• **Assigned task**:
Every entry must be output exactly as it was written.

(Stored dataset items)
────────

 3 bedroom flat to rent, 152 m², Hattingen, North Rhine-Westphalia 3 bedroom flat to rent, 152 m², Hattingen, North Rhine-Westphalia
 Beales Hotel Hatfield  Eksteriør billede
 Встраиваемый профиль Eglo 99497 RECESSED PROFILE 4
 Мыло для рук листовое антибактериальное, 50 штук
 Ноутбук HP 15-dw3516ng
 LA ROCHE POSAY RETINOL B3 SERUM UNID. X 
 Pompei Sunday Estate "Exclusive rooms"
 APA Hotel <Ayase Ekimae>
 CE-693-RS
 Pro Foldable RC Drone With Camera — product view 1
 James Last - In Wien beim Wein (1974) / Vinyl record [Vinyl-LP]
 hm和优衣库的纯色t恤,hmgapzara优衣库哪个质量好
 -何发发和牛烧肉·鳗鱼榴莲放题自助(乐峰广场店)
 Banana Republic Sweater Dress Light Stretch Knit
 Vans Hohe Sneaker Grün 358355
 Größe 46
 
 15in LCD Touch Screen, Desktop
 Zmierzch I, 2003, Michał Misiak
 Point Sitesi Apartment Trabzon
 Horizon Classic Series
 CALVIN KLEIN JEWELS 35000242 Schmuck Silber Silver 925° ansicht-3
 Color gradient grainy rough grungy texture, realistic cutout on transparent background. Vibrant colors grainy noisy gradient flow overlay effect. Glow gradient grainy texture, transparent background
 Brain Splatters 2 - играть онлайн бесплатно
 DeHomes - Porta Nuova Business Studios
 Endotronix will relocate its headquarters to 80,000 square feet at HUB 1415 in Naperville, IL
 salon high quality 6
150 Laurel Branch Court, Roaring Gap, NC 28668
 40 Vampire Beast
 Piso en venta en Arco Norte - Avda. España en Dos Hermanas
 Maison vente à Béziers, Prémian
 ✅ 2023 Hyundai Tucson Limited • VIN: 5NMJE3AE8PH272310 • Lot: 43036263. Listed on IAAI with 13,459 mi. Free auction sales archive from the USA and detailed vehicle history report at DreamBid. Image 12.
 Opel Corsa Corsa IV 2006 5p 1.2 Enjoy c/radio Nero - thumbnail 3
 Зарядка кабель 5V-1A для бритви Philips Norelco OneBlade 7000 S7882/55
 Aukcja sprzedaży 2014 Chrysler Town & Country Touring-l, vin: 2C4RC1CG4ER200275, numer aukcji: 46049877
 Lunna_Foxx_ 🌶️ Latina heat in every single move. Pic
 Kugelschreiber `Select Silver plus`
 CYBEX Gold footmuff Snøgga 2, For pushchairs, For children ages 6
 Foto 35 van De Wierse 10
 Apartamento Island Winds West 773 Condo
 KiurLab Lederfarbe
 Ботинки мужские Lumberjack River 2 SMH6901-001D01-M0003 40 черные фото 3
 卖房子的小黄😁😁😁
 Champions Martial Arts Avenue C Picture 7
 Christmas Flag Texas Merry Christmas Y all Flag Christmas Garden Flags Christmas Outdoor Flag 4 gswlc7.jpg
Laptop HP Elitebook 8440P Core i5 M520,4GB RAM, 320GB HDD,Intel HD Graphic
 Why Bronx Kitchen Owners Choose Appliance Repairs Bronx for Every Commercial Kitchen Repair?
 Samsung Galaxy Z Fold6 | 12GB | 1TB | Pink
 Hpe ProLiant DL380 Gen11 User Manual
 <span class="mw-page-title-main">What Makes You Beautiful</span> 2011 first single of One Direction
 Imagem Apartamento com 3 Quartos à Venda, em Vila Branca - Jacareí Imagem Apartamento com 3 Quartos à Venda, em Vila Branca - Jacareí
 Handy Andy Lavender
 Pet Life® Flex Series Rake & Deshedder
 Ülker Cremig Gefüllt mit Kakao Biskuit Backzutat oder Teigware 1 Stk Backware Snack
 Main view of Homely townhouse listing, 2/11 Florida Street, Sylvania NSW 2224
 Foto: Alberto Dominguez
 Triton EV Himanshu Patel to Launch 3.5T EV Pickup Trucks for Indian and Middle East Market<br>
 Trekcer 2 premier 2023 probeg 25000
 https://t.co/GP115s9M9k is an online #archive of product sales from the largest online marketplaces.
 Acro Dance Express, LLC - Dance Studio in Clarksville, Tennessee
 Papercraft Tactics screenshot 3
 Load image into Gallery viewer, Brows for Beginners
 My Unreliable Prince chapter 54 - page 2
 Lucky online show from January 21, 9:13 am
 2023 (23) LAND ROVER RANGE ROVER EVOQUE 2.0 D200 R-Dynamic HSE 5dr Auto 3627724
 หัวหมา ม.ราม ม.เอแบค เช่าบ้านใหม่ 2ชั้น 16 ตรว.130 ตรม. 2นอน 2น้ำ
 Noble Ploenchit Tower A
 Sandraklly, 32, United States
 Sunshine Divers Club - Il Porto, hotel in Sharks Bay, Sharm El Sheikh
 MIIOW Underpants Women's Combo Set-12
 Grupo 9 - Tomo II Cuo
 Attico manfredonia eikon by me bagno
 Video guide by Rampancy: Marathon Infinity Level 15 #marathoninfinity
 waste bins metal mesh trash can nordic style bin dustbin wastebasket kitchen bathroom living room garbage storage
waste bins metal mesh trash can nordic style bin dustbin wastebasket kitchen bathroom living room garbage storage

────────

• **Reply to the task**:
 3 bedroom flat to rent, 152 m², Hattingen, North Rhine-Westphalia 3 bedroom flat to rent, 152 m², Hattingen, North Rhine-Westphalia
 Beales Hotel Hatfield  Eksteriør billede
 Встраиваемый профиль Eglo 99497 RECESSED PROFILE 4
 Мыло для рук листовое антибактериальное, 50 штук
 Ноутбук HP 15-dw3516ng
 LA ROCHE POSAY RETINOL B3 SERUM UNID. X 
 Pompei Sunday Estate "Exclusive rooms"
 APA Hotel <Ayase Ekimae>
 CE-693-RS
 Pro Foldable RC Drone With Camera — product view 1
 James Last - In Wien beim Wein (1974) / Vinyl record [Vinyl-LP]
 hm和优衣库的纯色t恤,hmgapzara优衣库哪个质量好
 -何发发和牛烧肉·鳗鱼榴莲放题自助(乐峰广场店)
 Banana Republic Sweater Dress Light Stretch Knit
 Vans Hohe Sneaker Grün 358355
 Größe 46
 
 15in LCD Touch Screen, Desktop
 Zmierzch I, 2003, Michał Misiak
 Point Sitesi Apartment Trabzon
 Horizon Classic Series
 CALVIN KLEIN JEWELS 35000242 Schmuck Silber Silver 925° ansicht-3
 Color gradient grainy rough grungy texture, realistic cutout on transparent background. Vibrant colors grainy noisy gradient flow overlay effect. Glow gradient grainy texture, transparent background
 Brain Splatters 2 - играть онлайн бесплатно
 DeHomes - Porta Nuova Business Studios
 Endotronix will relocate its headquarters to 80,000 square feet at HUB 1415 in Naperville, IL
 salon high quality 6
150 Laurel Branch Court, Roaring Gap, NC 28668
 40 Vampire Beast
 Piso en venta en Arco Norte - Avda. España en Dos Hermanas
 Maison vente à Béziers, Prémian
 ✅ 2023 Hyundai Tucson Limited • VIN: 5NMJE3AE8PH272310 • Lot: 43036263. Listed on IAAI with 13,459 mi. Free auction sales archive from the USA and detailed vehicle history report at DreamBid. Image 12.
 Opel Corsa Corsa IV 2006 5p 1.2 Enjoy c/radio Nero - thumbnail 3
 Зарядка кабель 5V-1A для бритви Philips Norelco OneBlade 7000 S7882/55
 Aukcja sprzedaży 2014 Chrysler Town & Country Touring-l, vin: 2C4RC1CG4ER200275, numer aukcji: 46049877
 Lunna_Foxx_ 🌶️ Latina heat in every single move. Pic
 Kugelschreiber `Select Silver plus`
 CYBEX Gold footmuff Snøgga 2, For pushchairs, For children ages 6
 Foto 35 van De Wierse 10
 Apartamento Island Winds West 773 Condo
 KiurLab Lederfarbe
 Ботинки мужские Lumberjack River 2 SMH6901-001D01-M0003 40 черные фото 3
 卖房子的小黄😁😁😁
 Champions Martial Arts Avenue C Picture 7
 Christmas Flag Texas Merry Christmas Y all Flag Christmas Garden Flags Christmas Outdoor Flag 4 gswlc7.jpg
Laptop HP Elitebook 8440P Core i5 M520,4GB RAM, 320GB HDD,Intel HD Graphic
 Why Bronx Kitchen Owners Choose Appliance Repairs Bronx for Every Commercial Kitchen Repair?
 Samsung Galaxy Z Fold6 | 12GB | 1TB | Pink
 Hpe ProLiant DL380 Gen11 User Manual
 <span class="mw-page-title-main">What Makes You Beautiful</span> 2011 first single of One Direction
 Imagem Apartamento com 3 Quartos à Venda, em Vila Branca - Jacareí Imagem Apartamento com 3 Quartos à Venda, em Vila Branca - Jacareí
 Handy Andy Lavender
 Pet Life® Flex Series Rake & Deshedder
 Ülker Cremig Gefüllt mit Kakao Biskuit Backzutat oder Teigware 1 Stk Backware Snack
 Main view of Homely townhouse listing, 2/11 Florida Street, Sylvania NSW 2224
 Foto: Alberto Dominguez
 Triton EV Himanshu Patel to Launch 3.5T EV Pickup Trucks for Indian and Middle East Market<br>
 Trekcer 2 premier 2023 probeg 25000
 https://t.co/GP115s9M9k is an online #archive of product sales from the largest online marketplaces.
 Acro Dance Express, LLC - Dance Studio in Clarksville, Tennessee
 Papercraft Tactics screenshot 3
 Load image into Gallery viewer, Brows for Beginners
 My Unreliable Prince chapter 54 - page 2
 Lucky online show from January 21, 9:13 am
 2023 (23) LAND ROVER RANGE ROVER EVOQUE 2.0 D200 R-Dynamic HSE 5dr Auto 3627724
 หัวหมา ม.ราม ม.เอแบค เช่าบ้านใหม่ 2ชั้น 16 ตรว.130 ตรม. 2นอน 2น้ำ
 Noble Ploenchit Tower A
 Sandraklly, 32, United States
 Sunshine Divers Club - Il Porto, hotel in Sharks Bay, Sharm El Sheikh
 MIIOW Underpants Women's Combo Set-12
 Grupo 9 - Tomo II Cuo
 Attico manfredonia eikon by me bagno
 Video guide by Rampancy: Marathon Infinity Level 15 #marathoninfinity
 waste bins metal mesh trash can nordic style bin dustbin wastebasket kitchen bathroom living room garbage storage
waste bins metal mesh trash can nordic style bin dustbin wastebasket kitchen bathroom living room garbage storage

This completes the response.